TASK PROMPT => Apart from pictures, transcribe exactly each line from the one containing "Unisex 925 Sterling" through the final line of the listing below.

DATA PROVIDED =>

>>

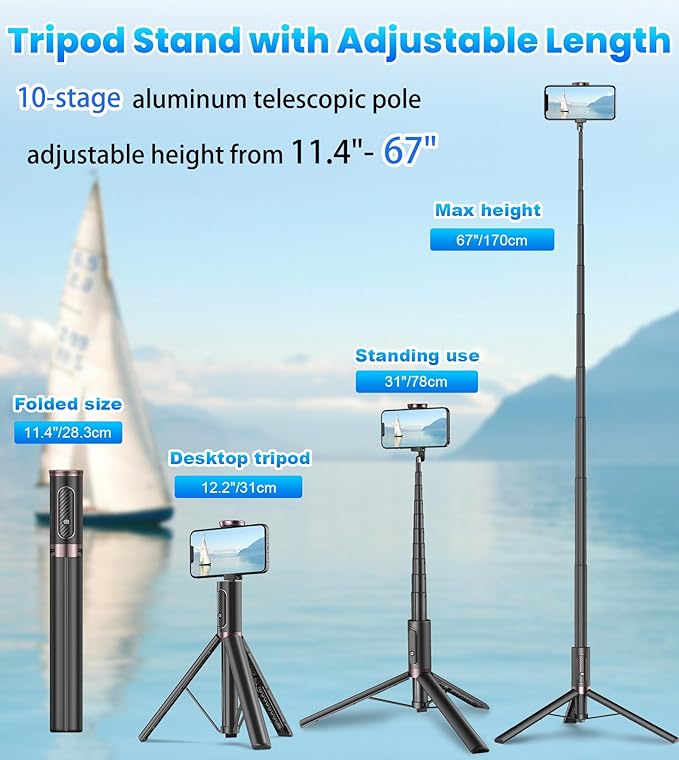 TONEOF 67" Cell Phone Selfie Stick Tripod,Smartphone Stand All-in-1 with Integrated Wireless Remote,Portable,Lightweight,Extendable for iPhone/Android(Black)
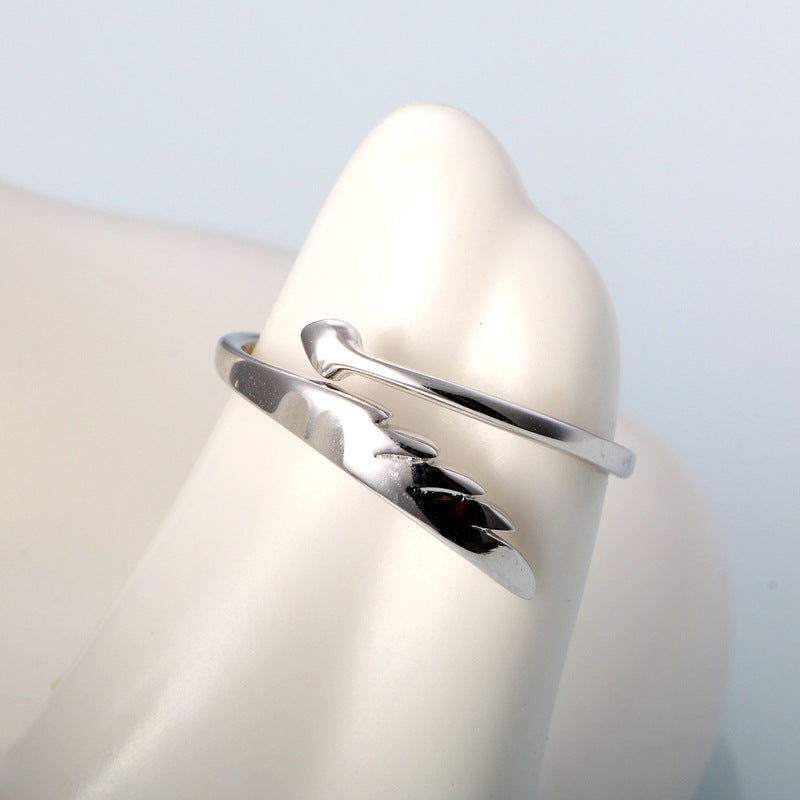 Unisex 925 Sterling Silver Ring with Platinum Plated Angel Wings Design Adjustable Opening National Style Jewelry Individually Packed Ring for Women and Men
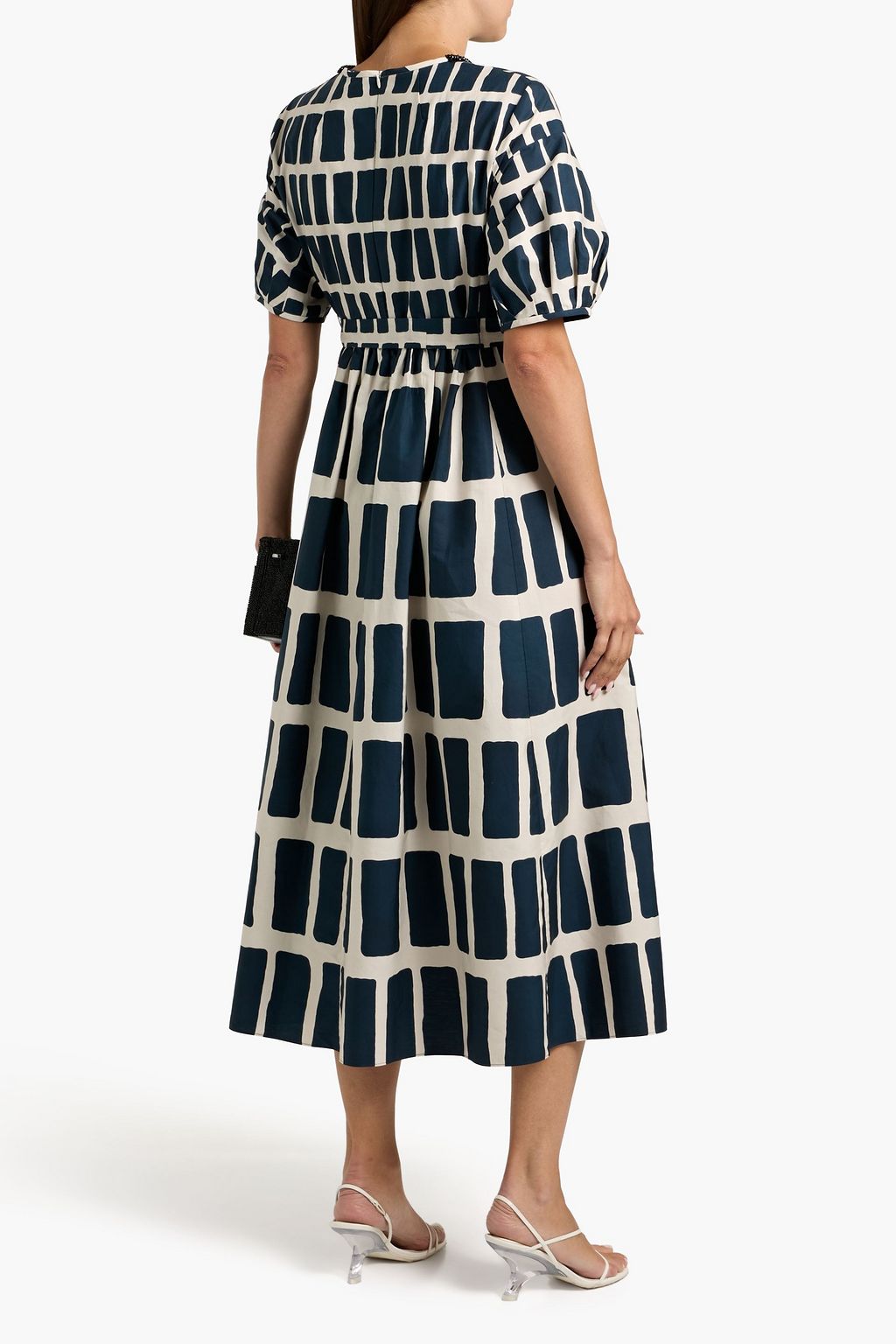 'S MAX MARA Nerina crystal-embellished printed cotton-poplin midi dress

<<

EXERCISE SOLUTION =>
 Unisex 925 Sterling Silver Ring with Platinum Plated Angel Wings Design Adjustable Opening National Style Jewelry Individually Packed Ring for Women and Men
 'S MAX MARA Nerina crystal-embellished printed cotton-poplin midi dress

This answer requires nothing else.